**EXERCISE GOAL:** Reproduce, character for character, the lines below from the first through the one with "Die Generali freut". Leave pictures out.

Captioned web images
======

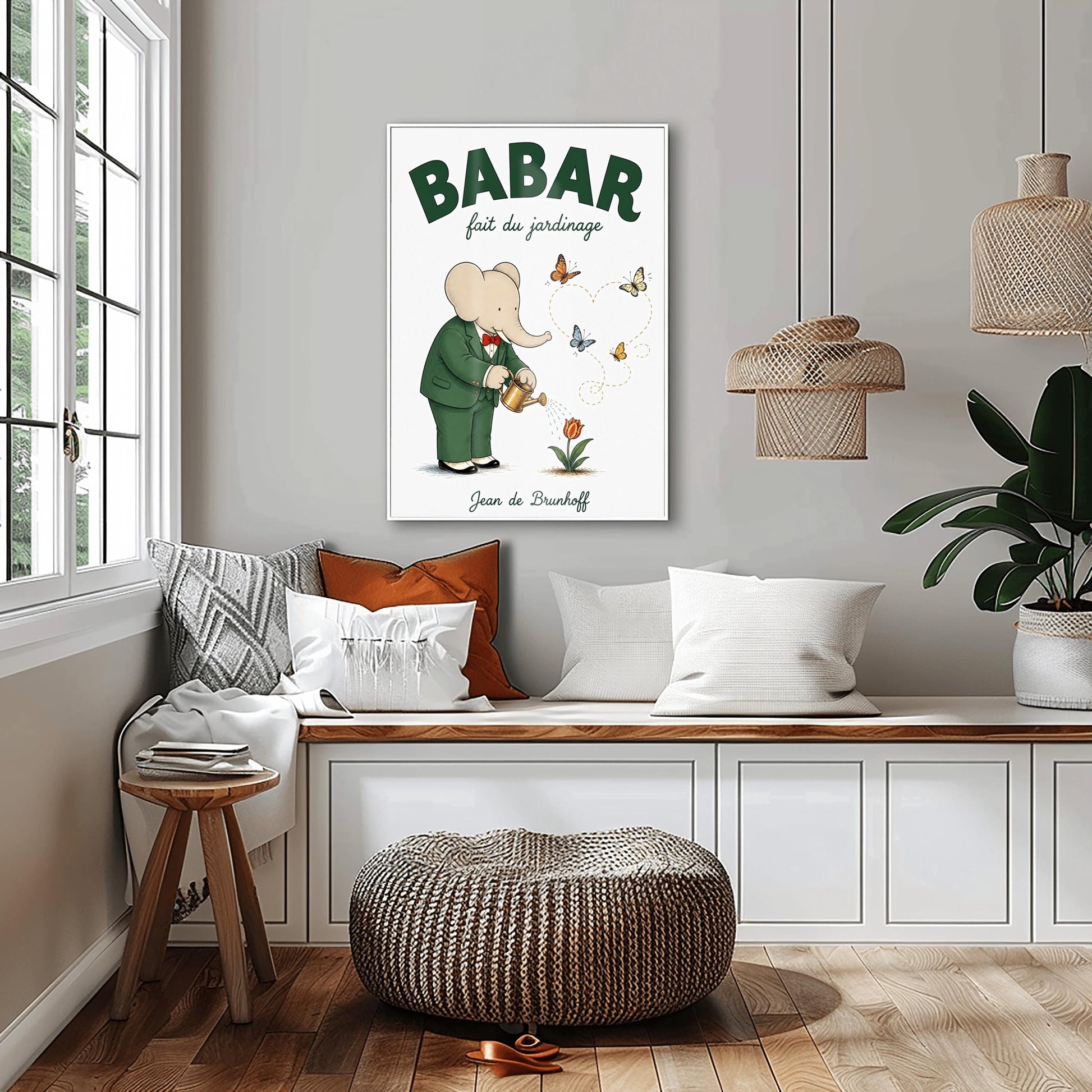 A vertical fine art exhibition poster featuring a classic illustration of Babar the Elephant by Jean de Brunhoff. Set within a wide white border on a textured off-white background, the elephant is shown in a green suit and red bowtie watering a red tulip with a gold can. Four butterflies fly nearby, leaving a dotted line that forms a heart shape. Bold green text at the top reads "BABAR fait du jardinage".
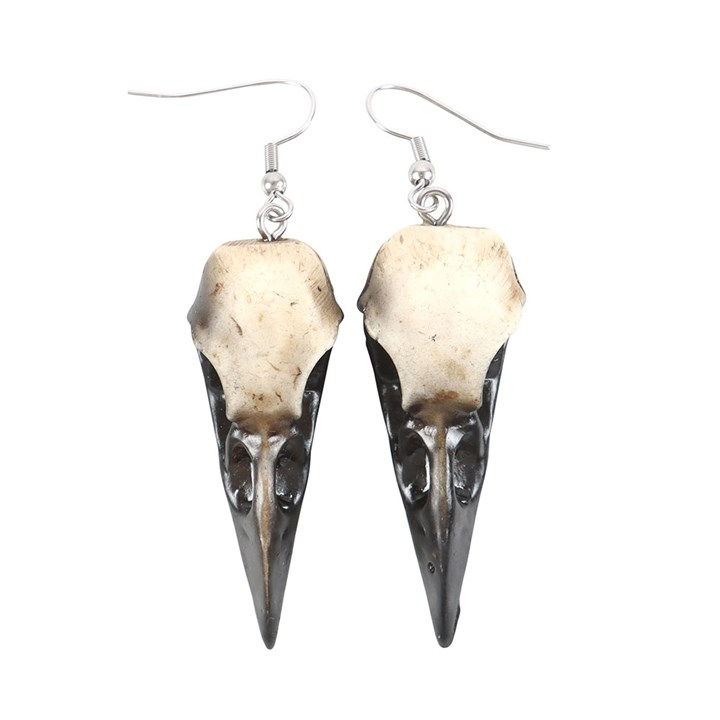 Thumbnail: Resin Crow Skull Earrings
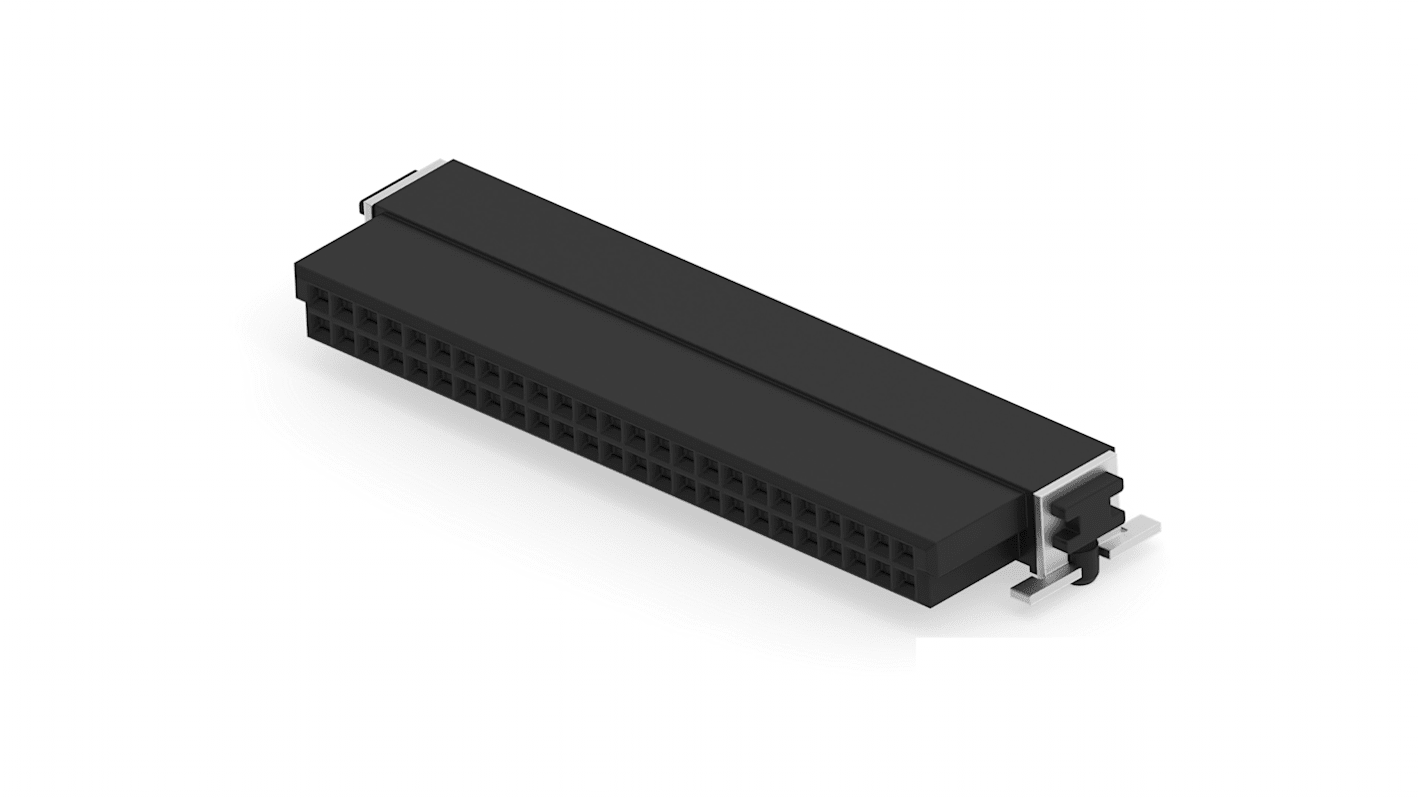 ERNI 154742 Series Vertical Surface Mount PCB Header, 50 Contact(s), 1.27mm Pitch, 2 Row(s), Shrouded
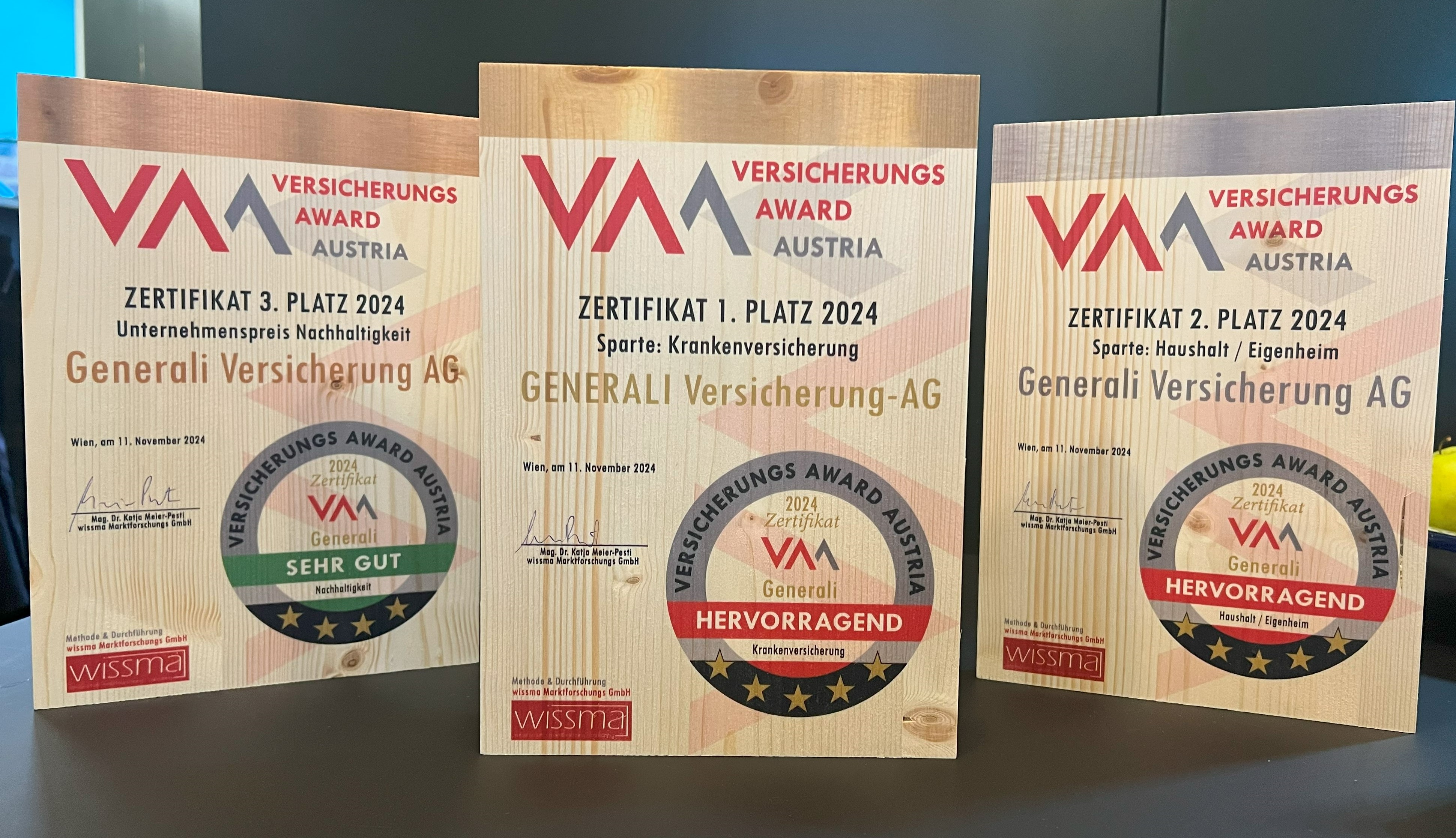 Die Generali freut sich über drei Podestplätze beim Versicherungs Award Austria 2024. © Birgit Dolezal-Swietly/Generali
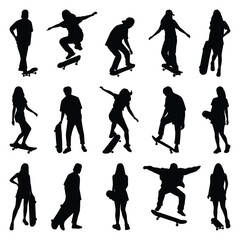 Vector collection set of skateboard people silhouettes.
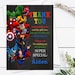 Superhero Thank You Card Avenger Birthday Thank You Card - Etsy
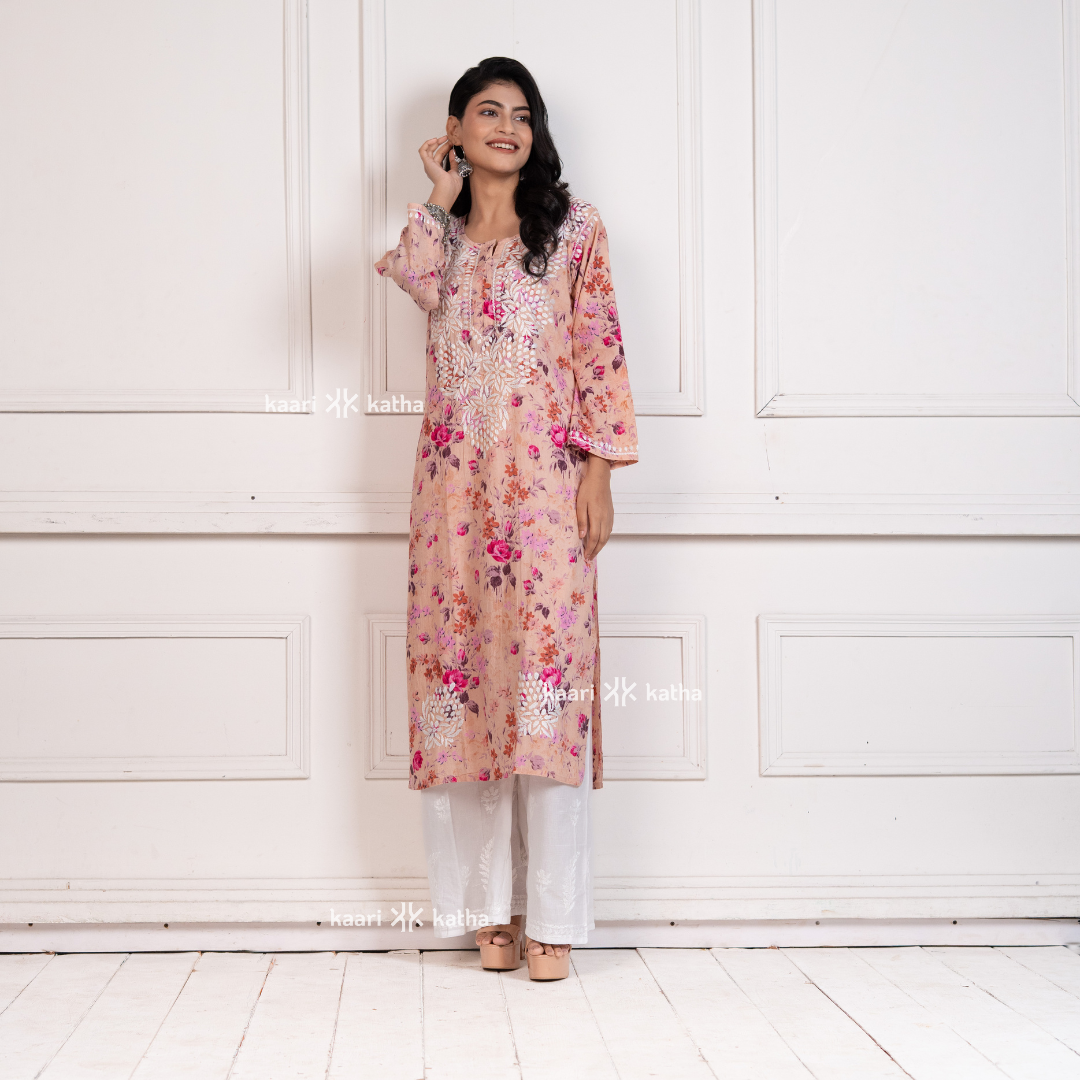 Mehek Pretty Peach Mul Kurta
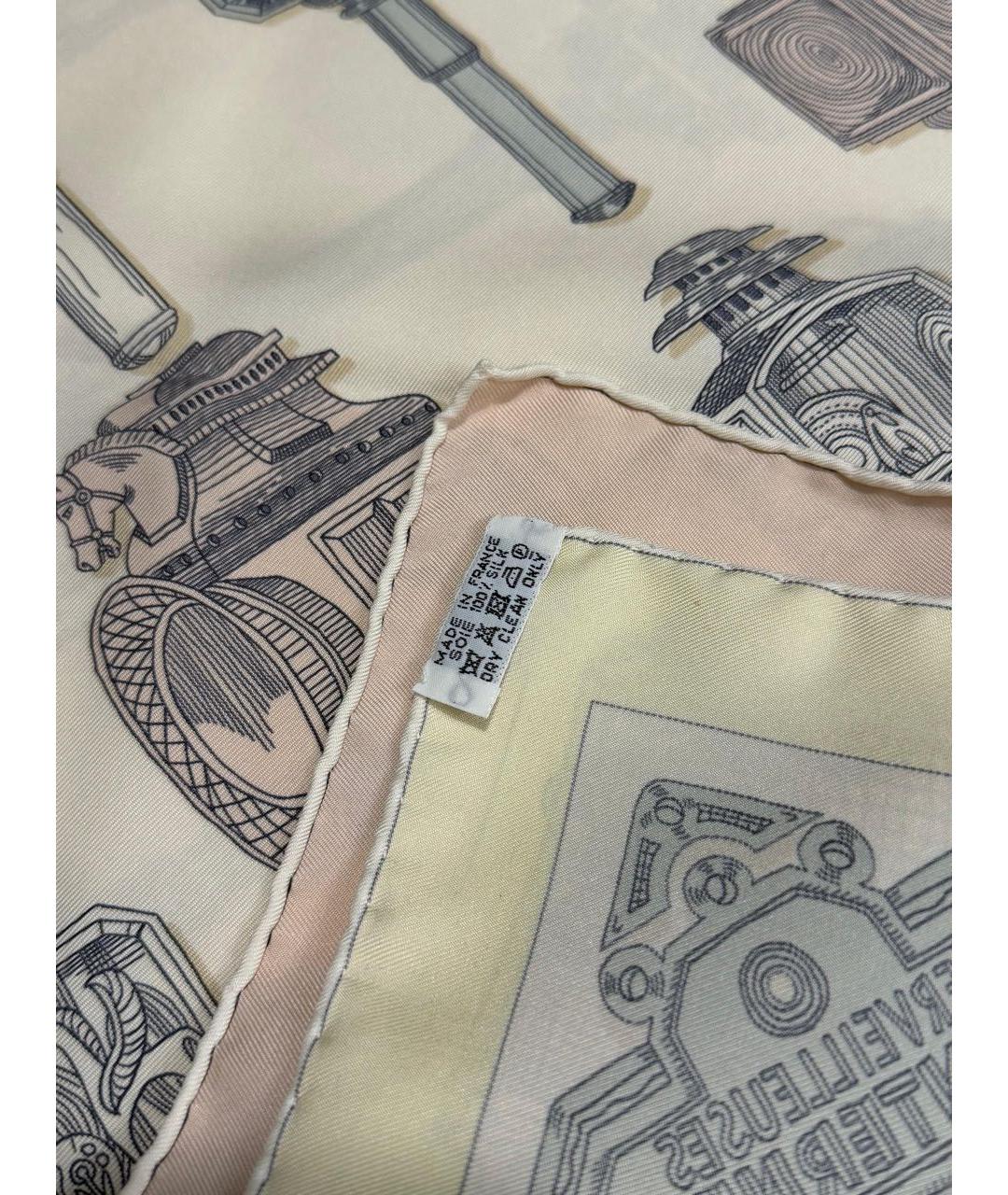 HERMES Бежевый шелковый платок, фото 4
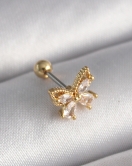 316L Çelik Gold Renk Zirkon Taşlı Kelebek Tragus Piercing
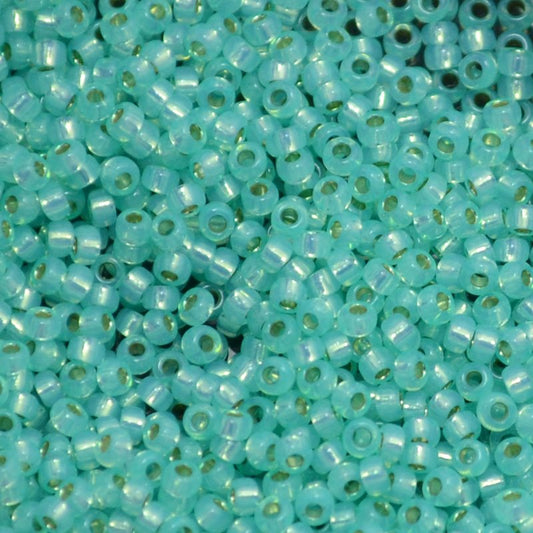 Miyuki Seed Beads - 11/0 - Dyed Sea Green Silver Lined Alabaster -mb11-0571b250-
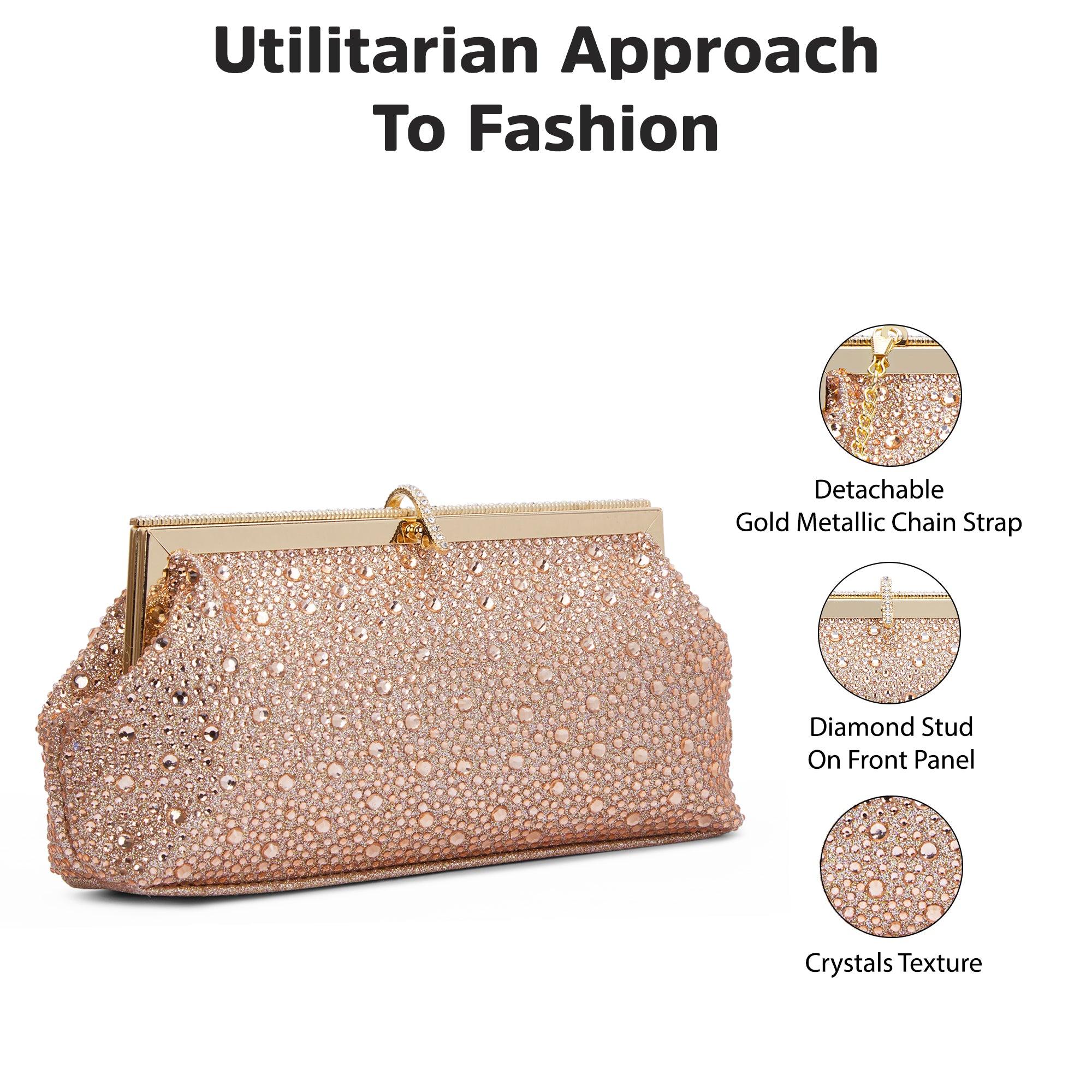 Madeira Beads Frame Clutch Rose Gold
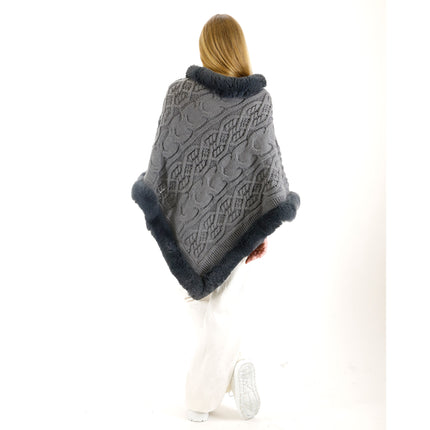 KNITTED FAUX FUR PONCHO P4032 (12PC)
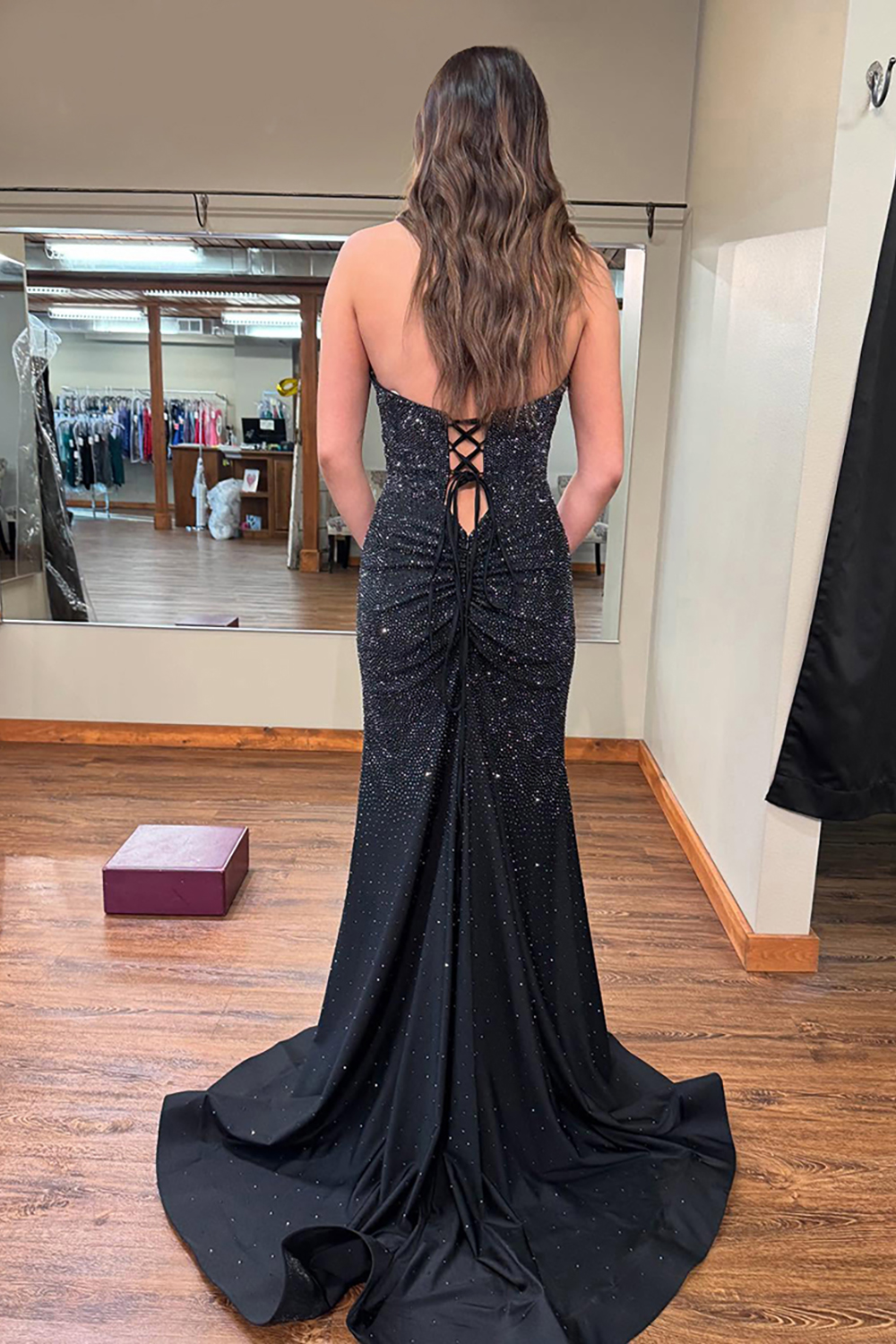 Sparkly Black Beaded Deep V-Neck Long Prom Dress with Slit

======

**REPLY TO THE TASK:**
 A vertical fine art exhibition poster featuring a classic illustration of Babar the Elephant by Jean de Brunhoff. Set within a wide white border on a textured off-white background, the elephant is shown in a green suit and red bowtie watering a red tulip with a gold can. Four butterflies fly nearby, leaving a dotted line that forms a heart shape. Bold green text at the top reads "BABAR fait du jardinage".
 Thumbnail: Resin Crow Skull Earrings
 ERNI 154742 Series Vertical Surface Mount PCB Header, 50 Contact(s), 1.27mm Pitch, 2 Row(s), Shrouded
 Die Generali freut sich über drei Podestplätze beim Versicherungs Award Austria 2024. © Birgit Dolezal-Swietly/Generali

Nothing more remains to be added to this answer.